Tags: | |

I have a question for all those in favor of allowing swim at your own risk at Crystal Lake. But first an except from Jeff Goldman’s oped on the topic from this week’s TAB:

What if we could formally absolve the city of any responsibility for people swimming at their own risk by having those residents do the following: sign a waiver of responsibility to the city, take a swim test, and pay a nominal fee to cover administrative costs?

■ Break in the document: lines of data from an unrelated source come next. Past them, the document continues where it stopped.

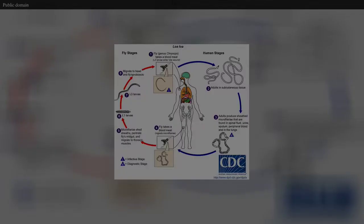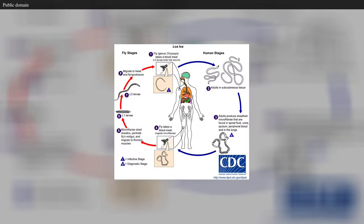The vector for loa loa filariasis originates with flies from two hematophagous species of the genus Chrysops: C. silacea and C. dimediata. During a blood meal, an infected fly introduces third-stage filarial larvae onto the skin of the human host, where they penetrate into the bite wound. The larvae develop into adults that commonly reside in subcutaneous tissue.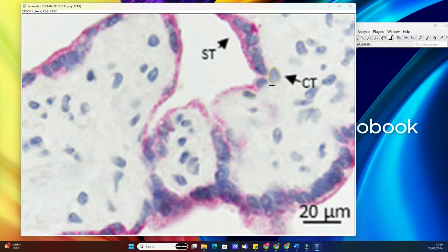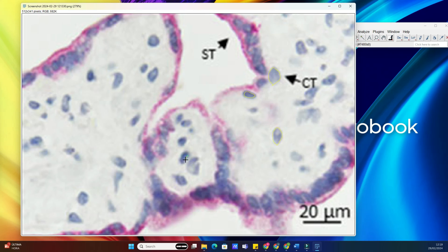Go to the toolbar and select the Polygon Selection tool, or press the P key on your keyboard. With this tool, we can draw custom shapes around each cell. Simply click to create points and close the shape by clicking on the first point.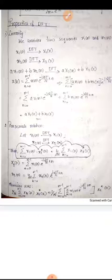Then we can move to the next property, that is Parseval's relation. Parseval's theorem gives the relation between the time domain and frequency domain. It states the energy relationship between the time domain and frequency domain representations of a signal.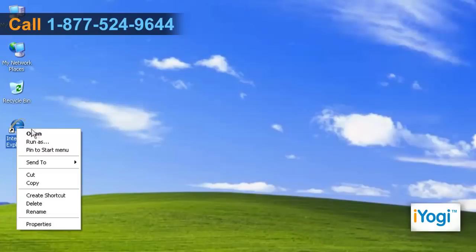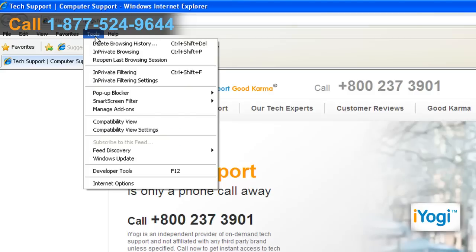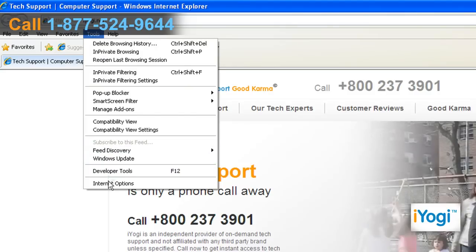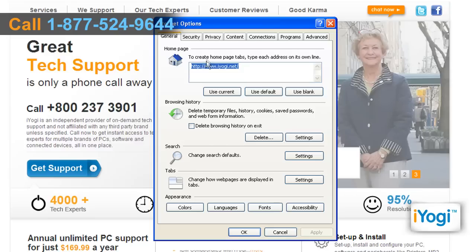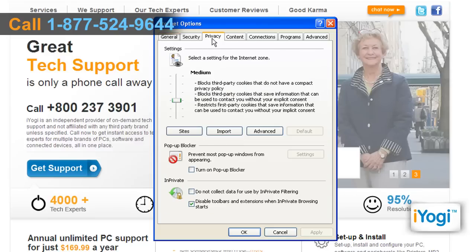Open Internet Explorer. Click on Tools from the top menu and select Internet Options from the menu that appears. Click on the Privacy tab.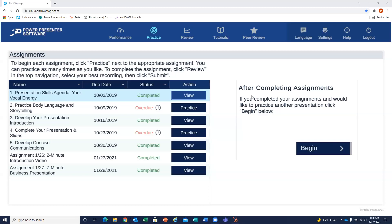Hi, I'm Debbie Halkovics with Power Presentations, and I'm going to show you how you will improve your presentation skills by using the Power Presenter software. Here's what you do.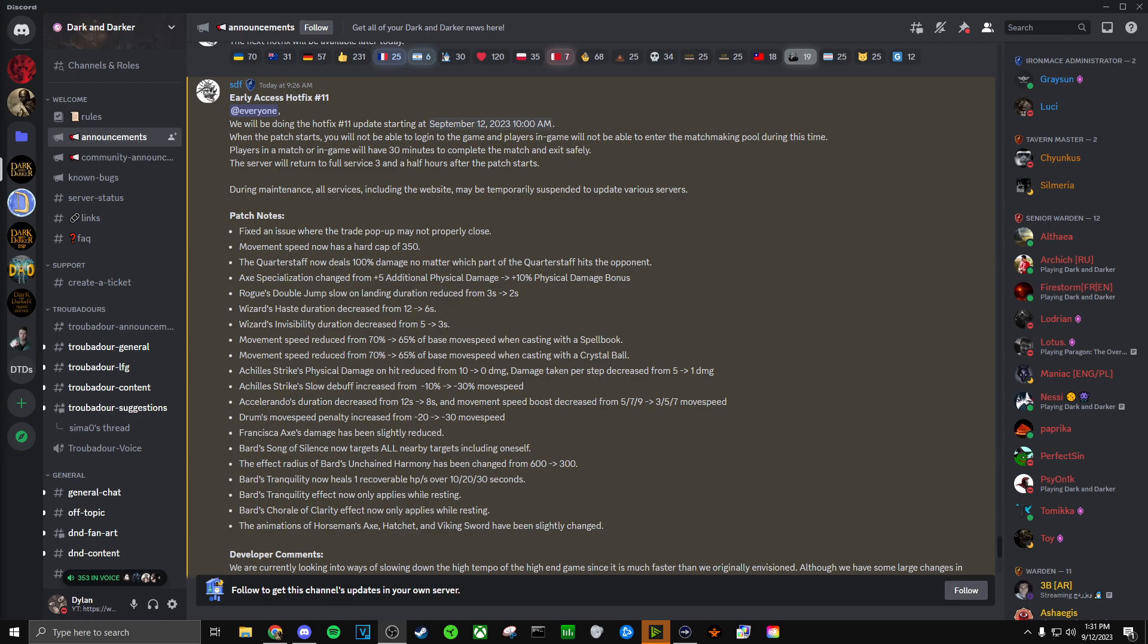The quarterstaff now deals 100% damage no matter which part of the quarterstaff hits the opponent. I think this is a really necessary change. I think we'll start to see the quarterstaff get used more now because of this change. I always thought it was a good weapon, but the fact that it had certain impact regions that would change the damage, I thought that was pretty dumb. So I'm glad to see this changed.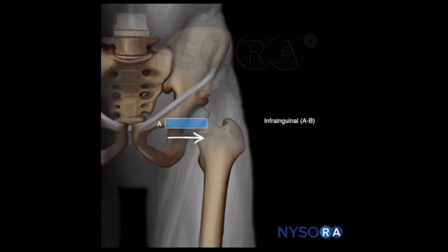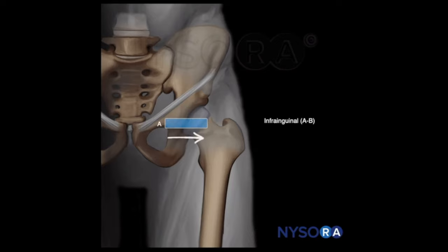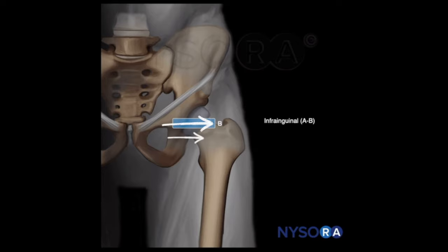Let's review the scanning principles for infrainguinal vs. suprainguinal fascia iliaca block. For the infrainguinal fascia iliaca block, we start scanning at the femoral crease. Once the femoral artery and nerve are identified, the transducer is moved towards point B, away from the femoral nerve, and the local anesthetic is injected underneath the fascia iliaca, lateral, away from the femoral nerve.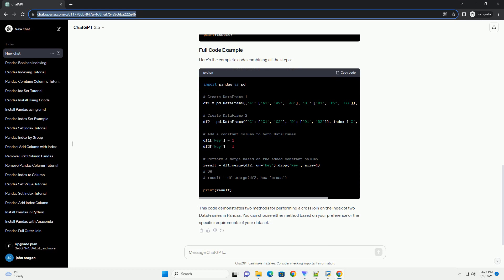Here's a step-by-step tutorial on how to perform a cross-join on index using Pandas. First, you'll need to import the Pandas library. Let's create two sample data frames with different data that we'll use for the cross-join operation.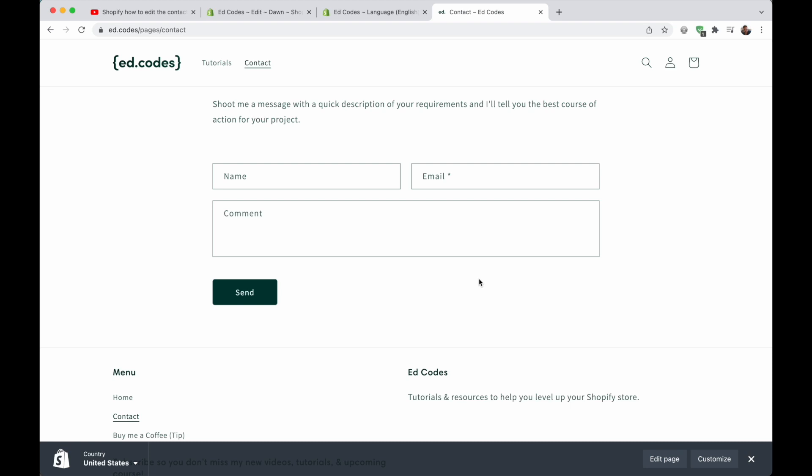After that, I'll also be doing a video on how to have two separate contact forms on one Shopify site. So you might have a general contact form like this. And then you might also have a second contact form for a wholesale application form or something like that. So stay tuned for that. And of course, leave me a comment if you want to request any topic. And that's all for today. I'll see you next time.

So here’s my question: Let’s say the city adopts Goldman’s proposal,  comes up with legally sound waivers and clearly posts signs saying that swimmers “absolve the city of any responsibility.”  Then let’s say, as was the case last August, someone calls 9-1-1 and reports that they think they saw someone disappear the middle of the lake. Or let’s say, someone calls 9-1-1 and says there’s someone in the middle of the lake screaming for help? Do the police and fire dept respond? Or do they say:

“C’est la vie. Too bad for them. It’s swim at their own risk. They signed the waiver. We posted the signs. Let em drown.”
Now we know that the men and women who are Newton’s first responders would never do that. We know they’ve dedicated their lives to saving people.  We know they’d show up as fast as they could and risk their own lives to save another. We know they’d spend a week or more, dragging the lake if they felt someone was at the bottom.
But really should they? After all, the victim signed Goldman’s waiver.  (Or at least we’d assume they did, because how could you check?). They “absolved the city of any responsibility”  They knew they were taking a chance.
I suppose one could ask the same question of any person. Let’s say you’re walking by the lake and hear someone crying for help.  Do you risk being pulled under by this panicked person who agreed to swim at their own risk?
If the answer is, of course, you try to save someone. Or most people would anyway, It’s right thing to do. Then is it really proper to call that “swimming at your own risk”?